**Directions**. In the entries below, which lines run from the one with "Il convitato di vetro - Luciano Bianciardi" through the one with "Обложка для Gustav"? Repeat exactly those, both included, and no pictures.

**Provided records**.

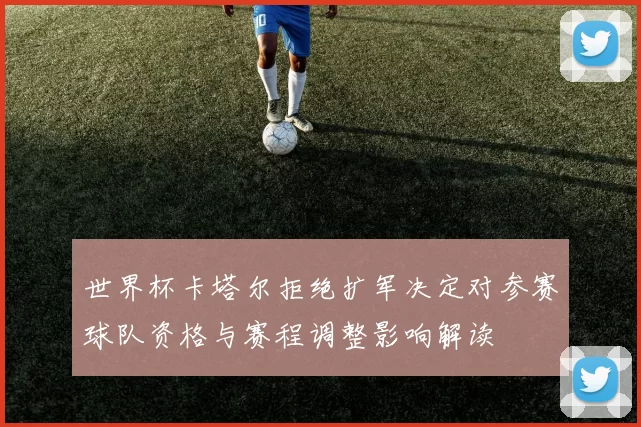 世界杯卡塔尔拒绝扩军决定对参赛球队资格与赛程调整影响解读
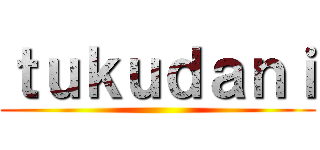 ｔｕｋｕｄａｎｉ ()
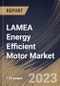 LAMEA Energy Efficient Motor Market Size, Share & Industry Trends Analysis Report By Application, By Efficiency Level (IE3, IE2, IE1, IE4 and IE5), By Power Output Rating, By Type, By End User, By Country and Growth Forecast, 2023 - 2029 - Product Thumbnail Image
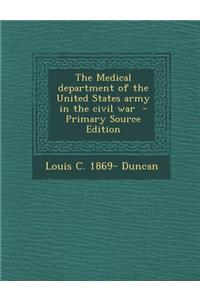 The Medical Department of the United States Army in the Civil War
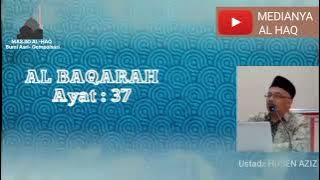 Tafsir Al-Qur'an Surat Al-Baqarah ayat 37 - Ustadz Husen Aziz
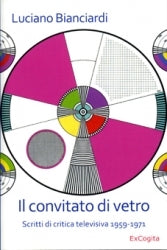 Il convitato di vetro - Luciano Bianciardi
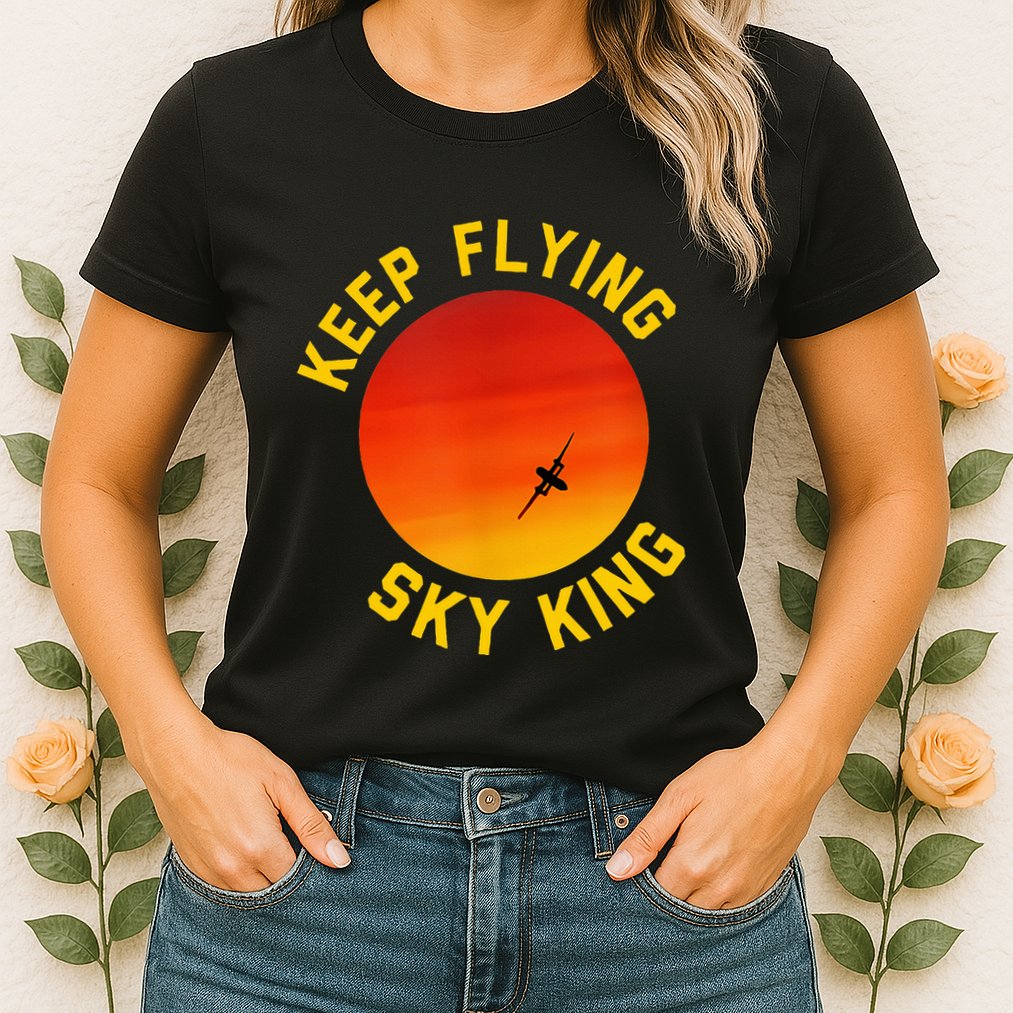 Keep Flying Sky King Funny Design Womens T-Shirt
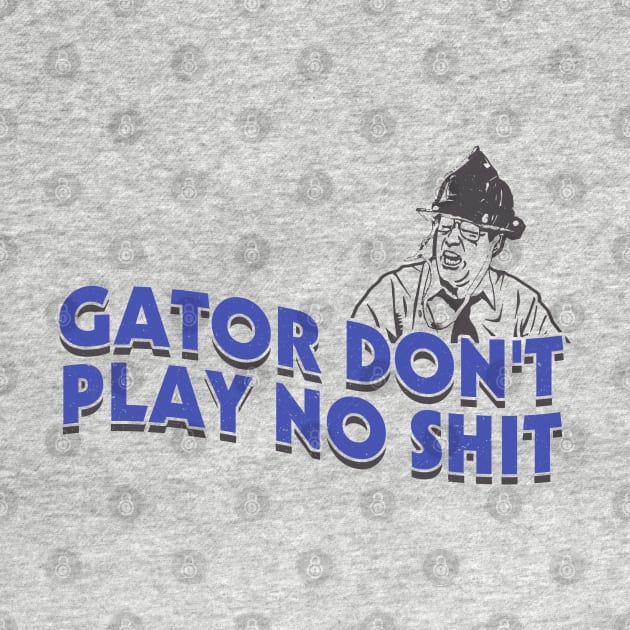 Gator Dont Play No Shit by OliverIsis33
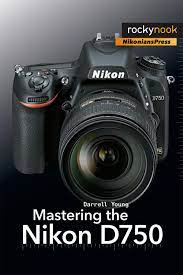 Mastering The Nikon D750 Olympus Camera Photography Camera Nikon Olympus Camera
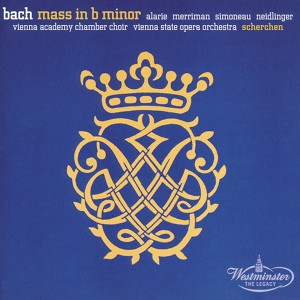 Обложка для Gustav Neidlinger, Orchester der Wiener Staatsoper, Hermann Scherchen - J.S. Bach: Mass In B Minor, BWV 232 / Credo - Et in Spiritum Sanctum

--

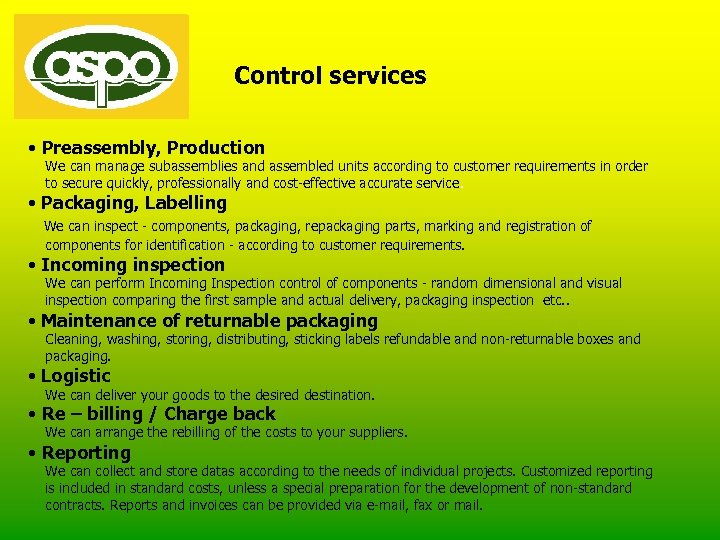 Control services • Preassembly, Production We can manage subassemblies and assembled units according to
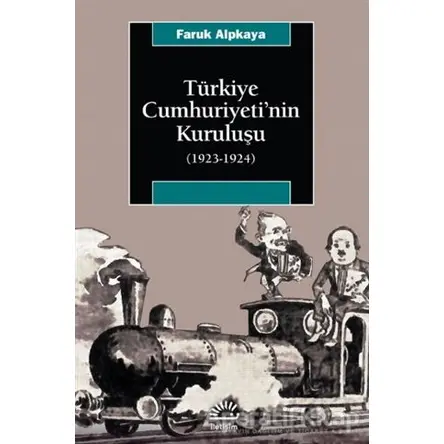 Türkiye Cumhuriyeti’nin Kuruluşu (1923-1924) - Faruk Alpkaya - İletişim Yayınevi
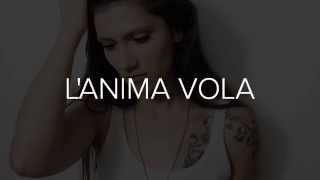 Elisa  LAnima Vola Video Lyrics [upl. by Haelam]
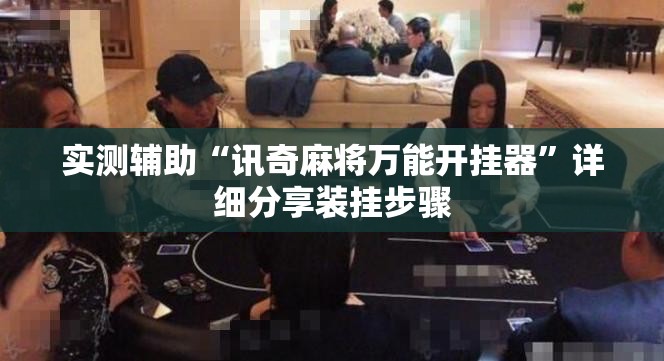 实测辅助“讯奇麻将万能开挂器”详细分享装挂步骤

---

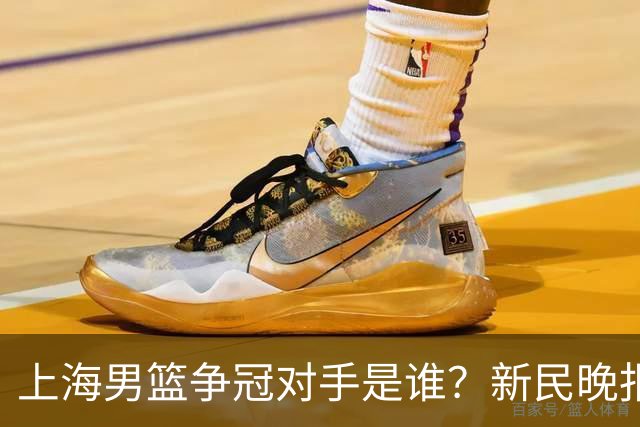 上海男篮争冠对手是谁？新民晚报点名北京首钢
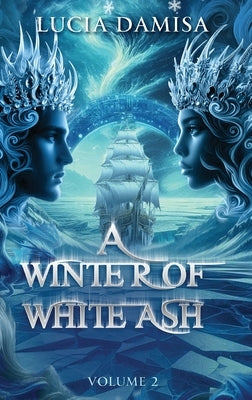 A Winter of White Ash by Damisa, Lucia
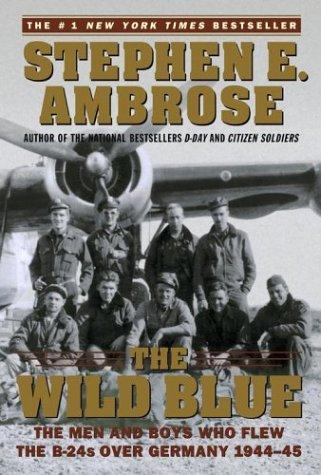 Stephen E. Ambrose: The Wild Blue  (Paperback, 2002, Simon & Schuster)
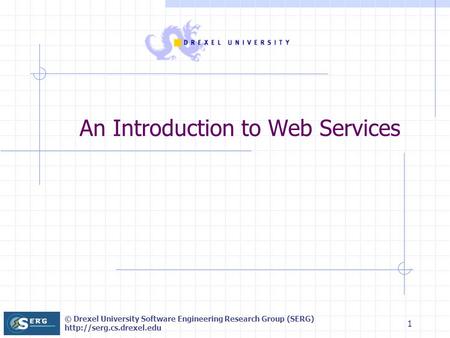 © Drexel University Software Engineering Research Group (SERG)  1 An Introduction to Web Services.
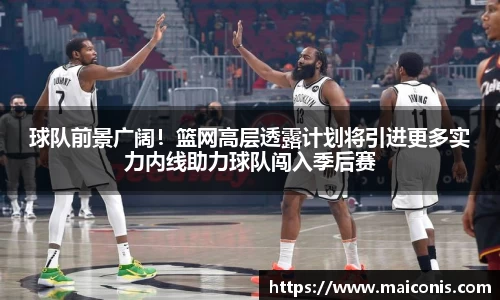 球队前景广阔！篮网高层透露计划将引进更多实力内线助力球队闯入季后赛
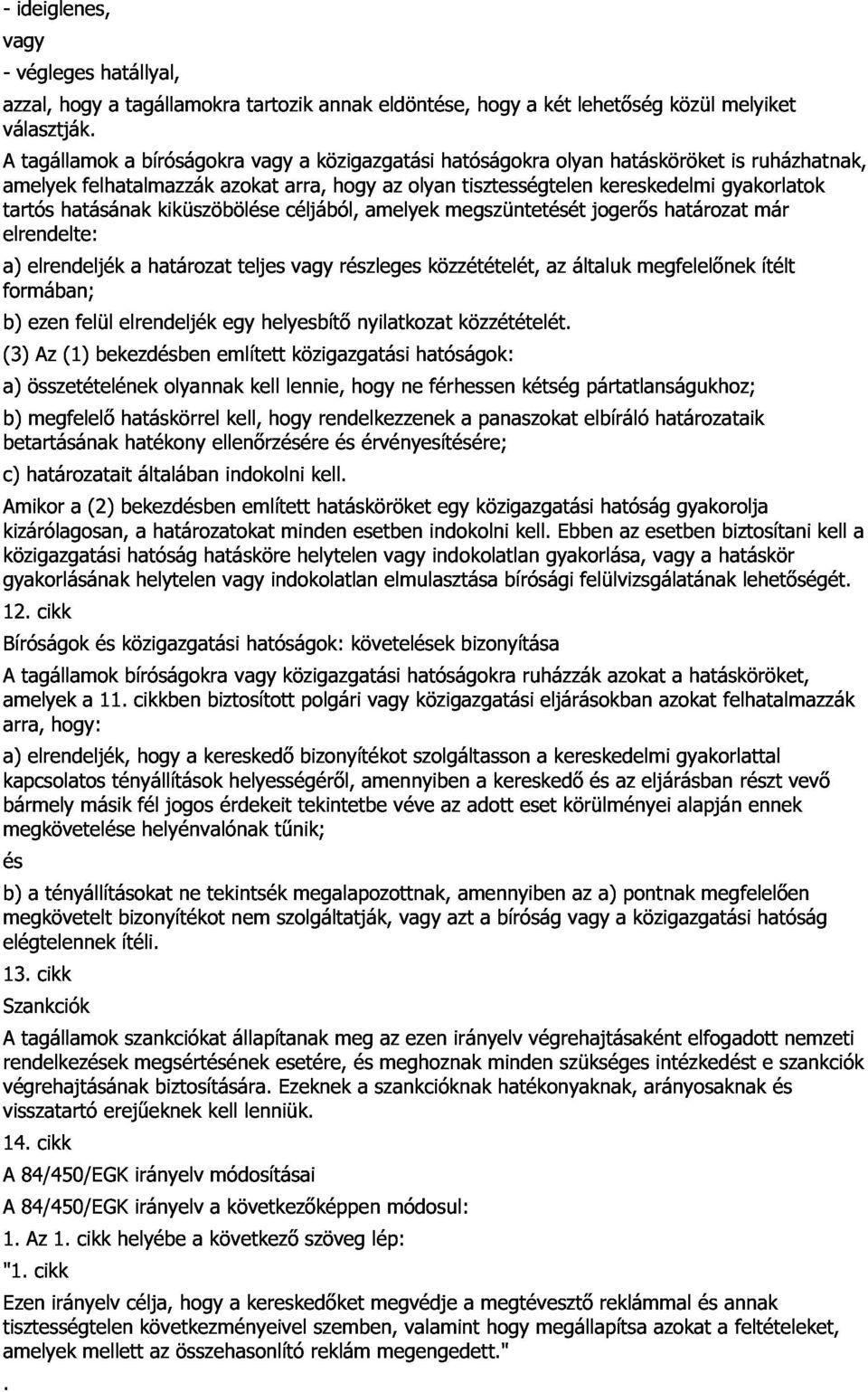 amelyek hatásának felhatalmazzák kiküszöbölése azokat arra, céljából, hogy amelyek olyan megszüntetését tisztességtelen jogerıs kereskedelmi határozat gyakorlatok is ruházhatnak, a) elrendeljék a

**Final answer**.
 Il convitato di vetro - Luciano Bianciardi
 Keep Flying Sky King Funny Design Womens T-Shirt
 Gator Dont Play No Shit by OliverIsis33
 Mastering The Nikon D750 Olympus Camera Photography Camera Nikon Olympus Camera
 Обложка для Gustav Neidlinger, Orchester der Wiener Staatsoper, Hermann Scherchen - J.S. Bach: Mass In B Minor, BWV 232 / Credo - Et in Spiritum Sanctum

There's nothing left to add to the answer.